In their desperate quest for perfection, the Beijing authorities have instead left themselves open to ridicule.
There are other signs that de Coubertin’s much-quoted ideal does not have a Chinese equivalent. Or perhaps the message has been lost in translation.
We discover that the Chinese judges at the double trap final yesterday caved in to crowd pressure and awarded points to the Chinese shooter, Hu Binyuan, when he clearly missed his clay targets on three occasions — or so claimed Australian shooter Russell Mark, who was competing in the same event. Thanks to the judges’ generosity, Binyuan took home a bronze medal, when he should have finished fourth or fifth.
There are echoes here of the infamous middleweight final at the Seoul Olympics in 1988 between Park Si-hun, a local hero, and Roy Jones Jr, the brilliant young American who went on to become one of the sport’s greats. In the final, Jones gave a boxing masterclass, recording 86 hits — against Park’s 32 — yet it was the Korean’s hand that was raised after the final bell in a decision that has been described as the worst in the history of amateur boxing.
Before that, at the Moscow Games in 1980, there were allegations that giant doors at the end of the main stadium were opened when Russian throwers were about to hurl their javelins. The ensuing gusts of wind were said to carry the javelins several metres further. The Russians, led by Dainis Kula, won gold, silver and narrowly missed out on bronze in the men’s event.
So the message is clear: once politburos and politicians get involved in Olympic Games, look out. Things are never going to turn out well.
To add to those glitches, there is the issue of those empty seats at the swimming which have supposedly been reserved for corporates. But the corporates are up in the dining room gnawing on their Peking duck and showing scant interest in all that flailing going on down in the pool. As a result, the parents of international swimmers are locked outside and reduced to watching the action on television, or begging for tickets.

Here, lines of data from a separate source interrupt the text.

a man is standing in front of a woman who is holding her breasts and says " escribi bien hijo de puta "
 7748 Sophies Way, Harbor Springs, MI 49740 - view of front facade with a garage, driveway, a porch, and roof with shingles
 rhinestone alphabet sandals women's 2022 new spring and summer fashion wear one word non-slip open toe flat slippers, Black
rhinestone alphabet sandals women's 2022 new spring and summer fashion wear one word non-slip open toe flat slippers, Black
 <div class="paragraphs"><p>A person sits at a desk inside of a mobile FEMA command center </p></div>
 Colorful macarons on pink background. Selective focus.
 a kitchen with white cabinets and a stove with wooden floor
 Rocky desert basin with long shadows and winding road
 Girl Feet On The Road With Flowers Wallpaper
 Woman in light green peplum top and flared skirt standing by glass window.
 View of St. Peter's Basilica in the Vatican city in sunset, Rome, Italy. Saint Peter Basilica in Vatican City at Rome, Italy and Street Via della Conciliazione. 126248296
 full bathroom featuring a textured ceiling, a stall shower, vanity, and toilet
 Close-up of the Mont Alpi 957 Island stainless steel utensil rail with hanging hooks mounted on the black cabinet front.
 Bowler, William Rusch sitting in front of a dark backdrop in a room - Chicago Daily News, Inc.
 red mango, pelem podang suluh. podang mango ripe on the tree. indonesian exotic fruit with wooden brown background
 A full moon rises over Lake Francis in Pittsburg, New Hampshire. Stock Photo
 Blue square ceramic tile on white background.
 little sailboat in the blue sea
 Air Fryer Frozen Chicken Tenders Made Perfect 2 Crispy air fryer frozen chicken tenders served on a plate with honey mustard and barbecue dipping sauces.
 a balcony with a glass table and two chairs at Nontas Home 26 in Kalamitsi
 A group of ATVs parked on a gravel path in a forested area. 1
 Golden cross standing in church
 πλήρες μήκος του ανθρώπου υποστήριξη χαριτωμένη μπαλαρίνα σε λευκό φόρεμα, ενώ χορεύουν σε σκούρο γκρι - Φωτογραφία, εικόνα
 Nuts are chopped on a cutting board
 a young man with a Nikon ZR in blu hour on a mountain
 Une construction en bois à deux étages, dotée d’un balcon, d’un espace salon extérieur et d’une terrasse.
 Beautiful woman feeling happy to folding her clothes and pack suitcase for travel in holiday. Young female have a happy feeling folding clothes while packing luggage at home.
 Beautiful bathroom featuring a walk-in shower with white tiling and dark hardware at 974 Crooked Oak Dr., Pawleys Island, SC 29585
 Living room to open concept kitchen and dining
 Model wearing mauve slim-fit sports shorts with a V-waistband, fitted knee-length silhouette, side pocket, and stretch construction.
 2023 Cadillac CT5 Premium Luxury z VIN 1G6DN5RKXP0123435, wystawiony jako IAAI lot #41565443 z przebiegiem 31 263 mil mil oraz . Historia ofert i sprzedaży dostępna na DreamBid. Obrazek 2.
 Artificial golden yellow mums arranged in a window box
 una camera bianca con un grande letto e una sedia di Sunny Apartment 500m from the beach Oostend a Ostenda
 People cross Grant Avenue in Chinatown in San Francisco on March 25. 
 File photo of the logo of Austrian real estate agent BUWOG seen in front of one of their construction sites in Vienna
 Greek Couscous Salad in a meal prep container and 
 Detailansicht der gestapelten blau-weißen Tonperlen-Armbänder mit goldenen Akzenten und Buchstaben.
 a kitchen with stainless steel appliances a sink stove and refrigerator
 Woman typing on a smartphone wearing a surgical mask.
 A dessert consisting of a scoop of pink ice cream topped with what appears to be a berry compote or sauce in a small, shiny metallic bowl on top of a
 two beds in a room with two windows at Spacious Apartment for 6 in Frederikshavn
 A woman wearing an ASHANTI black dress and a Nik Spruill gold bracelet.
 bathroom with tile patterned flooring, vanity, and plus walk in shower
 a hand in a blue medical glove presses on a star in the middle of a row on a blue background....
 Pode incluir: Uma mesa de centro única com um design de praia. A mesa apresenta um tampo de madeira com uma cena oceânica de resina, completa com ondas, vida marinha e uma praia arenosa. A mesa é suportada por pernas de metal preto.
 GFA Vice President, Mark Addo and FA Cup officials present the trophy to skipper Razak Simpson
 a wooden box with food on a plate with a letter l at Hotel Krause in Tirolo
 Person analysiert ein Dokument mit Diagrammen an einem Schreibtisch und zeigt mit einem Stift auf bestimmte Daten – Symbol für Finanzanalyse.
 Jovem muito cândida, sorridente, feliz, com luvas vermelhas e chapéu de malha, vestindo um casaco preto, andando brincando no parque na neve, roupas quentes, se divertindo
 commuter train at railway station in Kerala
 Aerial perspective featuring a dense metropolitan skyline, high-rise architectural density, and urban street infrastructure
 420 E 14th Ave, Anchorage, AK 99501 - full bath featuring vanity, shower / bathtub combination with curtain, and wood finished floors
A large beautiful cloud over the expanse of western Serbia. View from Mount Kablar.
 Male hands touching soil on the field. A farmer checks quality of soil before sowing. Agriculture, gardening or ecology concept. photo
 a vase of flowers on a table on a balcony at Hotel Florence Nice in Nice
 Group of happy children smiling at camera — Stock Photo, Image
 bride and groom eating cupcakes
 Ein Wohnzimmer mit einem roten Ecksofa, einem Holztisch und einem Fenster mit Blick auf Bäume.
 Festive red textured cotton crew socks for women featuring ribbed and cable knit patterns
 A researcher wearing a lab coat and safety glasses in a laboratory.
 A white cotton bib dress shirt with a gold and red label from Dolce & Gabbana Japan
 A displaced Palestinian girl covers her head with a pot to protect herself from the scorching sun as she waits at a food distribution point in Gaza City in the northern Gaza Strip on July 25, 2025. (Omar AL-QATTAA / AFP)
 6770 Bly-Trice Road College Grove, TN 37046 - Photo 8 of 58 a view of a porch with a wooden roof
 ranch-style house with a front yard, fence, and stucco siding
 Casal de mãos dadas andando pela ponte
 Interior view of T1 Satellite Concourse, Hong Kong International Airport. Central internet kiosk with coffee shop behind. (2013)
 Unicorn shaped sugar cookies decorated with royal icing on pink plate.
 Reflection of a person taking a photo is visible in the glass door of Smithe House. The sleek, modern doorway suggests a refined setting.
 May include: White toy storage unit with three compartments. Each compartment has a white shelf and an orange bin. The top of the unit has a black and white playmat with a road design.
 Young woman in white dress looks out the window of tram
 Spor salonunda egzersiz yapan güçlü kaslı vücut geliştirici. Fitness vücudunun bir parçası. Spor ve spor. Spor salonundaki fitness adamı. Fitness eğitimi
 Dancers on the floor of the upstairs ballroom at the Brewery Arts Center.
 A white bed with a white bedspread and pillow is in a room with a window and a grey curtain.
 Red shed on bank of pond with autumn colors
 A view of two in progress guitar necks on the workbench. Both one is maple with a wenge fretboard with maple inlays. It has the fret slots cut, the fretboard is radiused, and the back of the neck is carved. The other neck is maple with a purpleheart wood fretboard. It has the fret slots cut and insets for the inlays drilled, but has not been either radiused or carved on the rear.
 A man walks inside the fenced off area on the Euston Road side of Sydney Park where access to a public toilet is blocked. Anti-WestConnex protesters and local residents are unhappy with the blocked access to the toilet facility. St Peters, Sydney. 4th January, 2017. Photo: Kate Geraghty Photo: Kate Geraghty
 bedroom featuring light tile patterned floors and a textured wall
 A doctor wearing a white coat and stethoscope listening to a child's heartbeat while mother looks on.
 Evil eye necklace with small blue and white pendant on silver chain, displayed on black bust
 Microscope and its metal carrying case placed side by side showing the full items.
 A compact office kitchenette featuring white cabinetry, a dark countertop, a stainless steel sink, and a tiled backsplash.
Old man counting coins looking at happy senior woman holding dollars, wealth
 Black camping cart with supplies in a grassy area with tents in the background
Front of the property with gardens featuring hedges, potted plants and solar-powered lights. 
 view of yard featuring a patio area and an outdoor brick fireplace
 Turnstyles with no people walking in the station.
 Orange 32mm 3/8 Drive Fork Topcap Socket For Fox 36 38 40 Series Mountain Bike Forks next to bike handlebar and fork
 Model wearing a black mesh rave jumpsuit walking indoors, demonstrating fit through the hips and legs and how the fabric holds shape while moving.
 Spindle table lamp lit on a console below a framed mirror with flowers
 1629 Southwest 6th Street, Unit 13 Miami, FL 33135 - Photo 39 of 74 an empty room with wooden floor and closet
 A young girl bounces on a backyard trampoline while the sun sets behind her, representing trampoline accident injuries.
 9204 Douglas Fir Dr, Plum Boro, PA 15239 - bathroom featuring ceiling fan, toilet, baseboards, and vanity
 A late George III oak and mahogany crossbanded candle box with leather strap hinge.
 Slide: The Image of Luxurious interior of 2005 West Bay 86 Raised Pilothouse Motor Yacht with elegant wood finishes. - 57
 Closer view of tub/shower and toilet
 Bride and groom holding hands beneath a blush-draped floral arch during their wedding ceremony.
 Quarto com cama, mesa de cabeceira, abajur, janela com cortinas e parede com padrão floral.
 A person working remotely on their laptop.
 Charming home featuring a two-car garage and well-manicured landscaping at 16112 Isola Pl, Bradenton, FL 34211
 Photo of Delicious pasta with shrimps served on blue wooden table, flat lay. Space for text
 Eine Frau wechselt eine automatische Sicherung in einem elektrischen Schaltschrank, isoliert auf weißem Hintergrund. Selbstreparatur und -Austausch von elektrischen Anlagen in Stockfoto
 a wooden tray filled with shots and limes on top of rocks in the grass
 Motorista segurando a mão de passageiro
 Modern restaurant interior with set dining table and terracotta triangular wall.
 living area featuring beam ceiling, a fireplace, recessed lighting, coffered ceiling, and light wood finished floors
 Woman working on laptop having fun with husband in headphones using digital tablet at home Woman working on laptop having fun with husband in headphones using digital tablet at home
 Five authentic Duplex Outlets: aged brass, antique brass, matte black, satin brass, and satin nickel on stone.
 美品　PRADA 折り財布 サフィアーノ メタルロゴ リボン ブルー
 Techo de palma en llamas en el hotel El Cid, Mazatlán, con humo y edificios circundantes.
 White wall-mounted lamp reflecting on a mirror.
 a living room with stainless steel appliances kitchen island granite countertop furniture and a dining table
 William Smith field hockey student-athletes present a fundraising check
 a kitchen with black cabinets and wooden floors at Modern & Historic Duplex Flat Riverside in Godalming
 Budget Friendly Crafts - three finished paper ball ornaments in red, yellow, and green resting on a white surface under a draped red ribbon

Tight security is one thing; complete overkill is another. And, on that theme, did we really need to see members of the People’s Liberation Army goose-stepping their way through a section of the opening ceremony?
So here’s a message to the Chinese authorities — on a website which is bound to feature on their international blacklist, along with the BBC, CNN and the Free Tibet homepage — chill out, get a life and don’t be such tragic wannabes.
As Confucius might have said: Better to compete honestly and finish fourth, than cheat and win. Then you look like complete prat.